[Stored data]
= Beginning of Section =
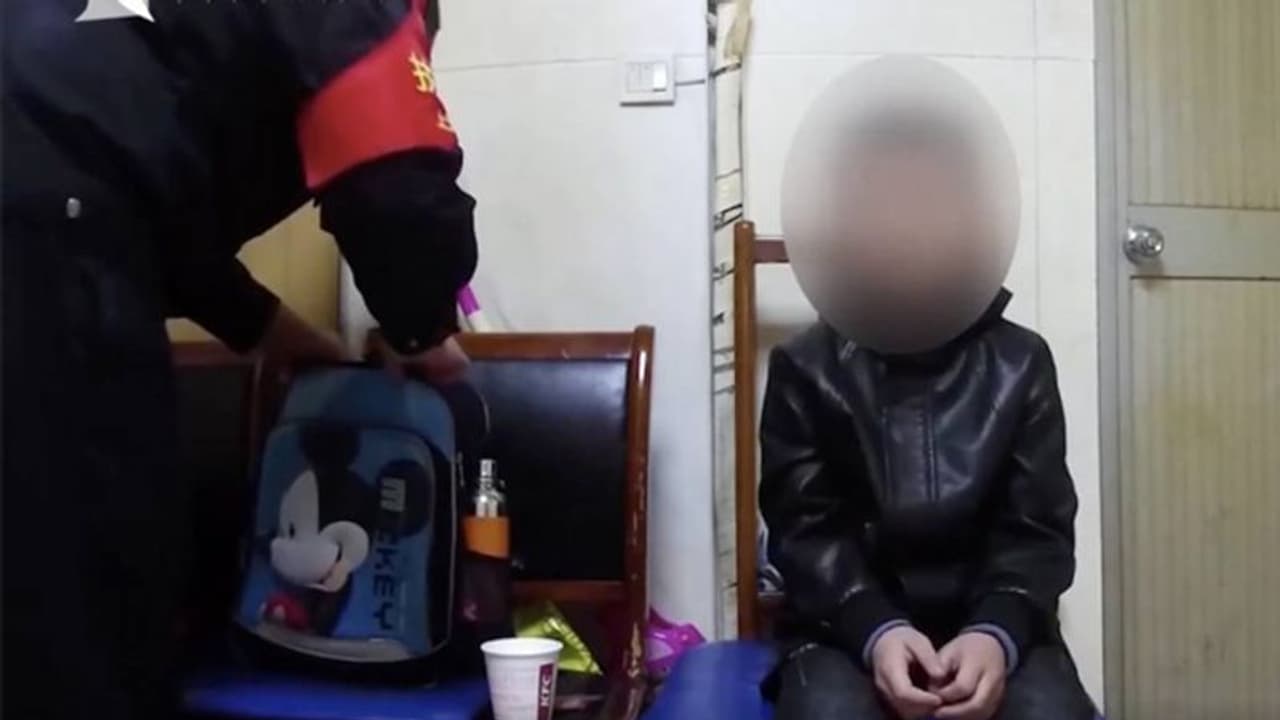 रेलवे स्टेशन पर कटोरा पकड़ भीख मांग रहा था बच्चा, सगे पिता ने इस बात पर दी कठोर सजा रेलवे स्टेशन पर कटोरा पकड़ भीख मांग रहा था बच्चा, सगे पिता ने इस बात पर दी कठोर सजा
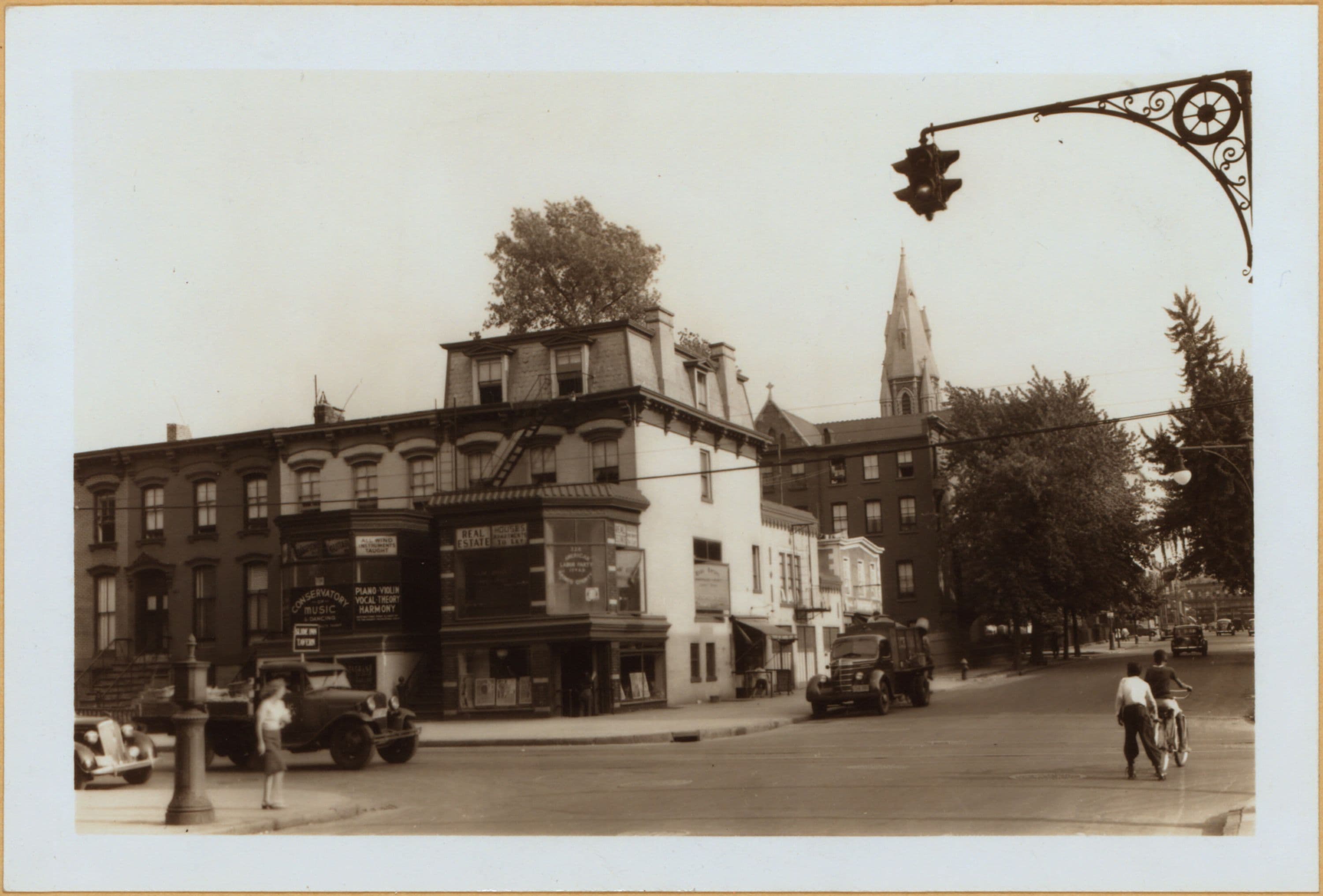 Brooklyn: Throop Ave. - Halsey St.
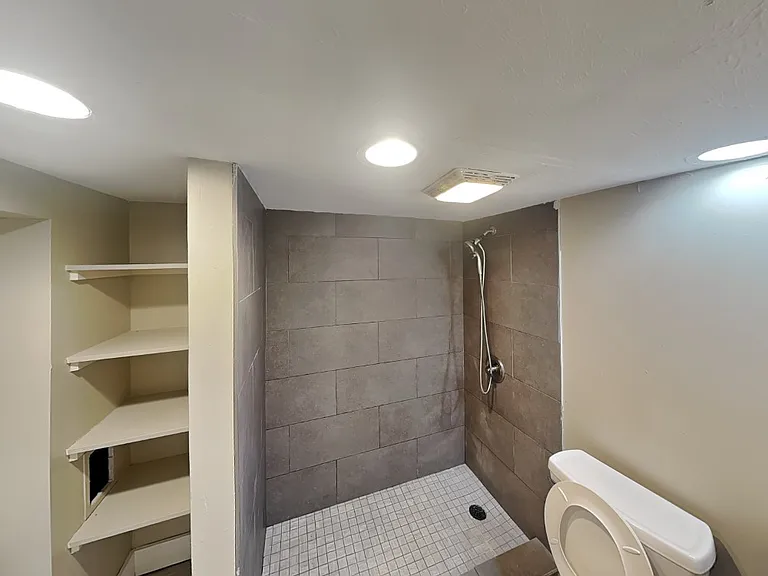 23 W 10th Ave #25A — Photo 7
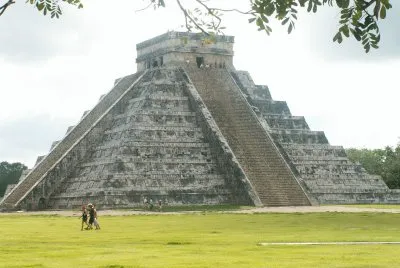 CHICHEN ITZA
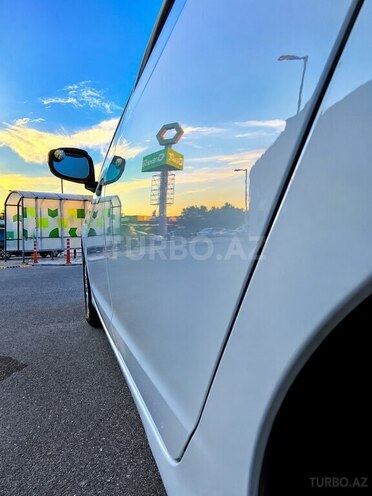 Honda Insight-11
= End of Section =
Exercise goal:
Only the lines from the one containing "Brooklyn: Throop Ave. - Halsey St." through the last line of the entries should be transcribed, exactly and with no pictures.

Solution to this task:
 Brooklyn: Throop Ave. - Halsey St.
 23 W 10th Ave #25A — Photo 7
 CHICHEN ITZA
 Honda Insight-11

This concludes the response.